L’Associazione la Lupus in Fabula giudica il parere positivo alla “variante al programma dei lavori di proroga della concessione mineraria Val di Meti” , con conseguente possibilità di prelevare una maggiore quantità di acqua da imbottigliare, rilasciato dal Consiglio Comunale di Apecchio, un fatto di grave irresponsabilità e auspica che la Regione, dovendo decidere su questioni sostanziali come l’uso delle acque minerali e di profondità, tenga conto del dibattito che da anni si sta muovendo attorno alla privatizzazione della gestione dei Beni Comuni.

Di fronte alla possibilità, piuttosto concreta, che nella provincia di Pesaro e Urbino si ripeta, come lo scorso anno, la crisi degli approvvigionamenti idrici, con interi comuni senza acqua,  gli amministratori locali avrebbero dovuto mettere in secondo piano  le ragioni legate al business.  Concedere per decenni, ad un privato , la possibilità  di imbottigliare milioni di litri di acqua per poi venderla, sottraendola di fatto, ad un eventuale futuro uso acquedottistico,   rappresenta una contraddizione troppo marcata rispetto al dovere che avrebbe un ente pubblico di tutelare l’interesse diffuso.

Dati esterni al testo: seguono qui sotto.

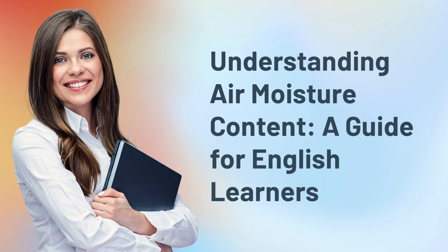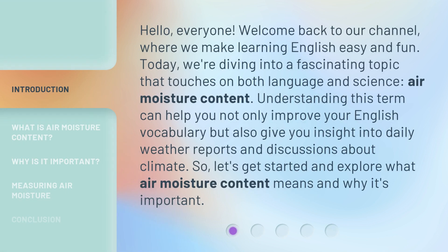Understanding Air Moisture Content: a Guide for English Learners. Hello everyone, welcome back to our channel, where we make learning English easy and fun. Today, we're diving into a fascinating topic that touches on both language and science: air moisture content. Understanding this term can help you not only improve your English vocabulary but also give you insight into daily weather reports and discussions about climate. So, let's get started and explore what air moisture content means and why it's important.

Quale risposta potrà dare il Sindaco Nicolucci ai propri cittadini quando, a fronte di una emergenza idrica conclamata, l’acqua ad uso idropotabile inizierà a scarseggiare?

Vale la pena ricordare che le concessioni del tipo in questione, una volta rese esecutive, non possono essere interrotte se non per motivi oggettivi e, probabilmente, pagando conseguenze anche economiche.

Perciò, preso atto delle problematiche che nell’arco di pochi decenni investiranno il settore delle risorse idriche (i cambiamenti climatici sono ormai una realtà certificata), attendere di avere maggiori  elementi di giudizio prima di prendere decisioni così condizionanti,  sarebbe stata la scelta più logica e prudente.

Inoltre la decisione del comune guidato dal Sindaco Nicolucci è stata adottata in presenza di un quadro normativo di settore  assai lacunoso. Mancata definizione e approvazione di un Piano Acquedotti Regionale, ritardi nell’aggiornamento del Piano di Tutela delle Acque, mancata individuazione delle riserve idriche strategiche, così come previsto dalla LR 5/2006 sono tutti tasselli che, se non chiusi, rendono ogni decisione presa sulle riserve idriche una decisione a rischio. Bene ha fatto, quindi, il Consiglio Comunale di Piobbico a rinviare la discussione in attesa di ulteriori approfondimenti.

Infine, sembrerebbe sufficientemente chiaro come, al caso di specie, debba essere applicato quanto disposto dagli artt 51 e 62 delle Norme Tecniche di Attuazione del PTA e dall’art 1 della LR 5/2006 che vietano nuove captazioni di acque sotterranee almeno fino alla redazione dell’elenco delle acque da considerare riserve strategiche.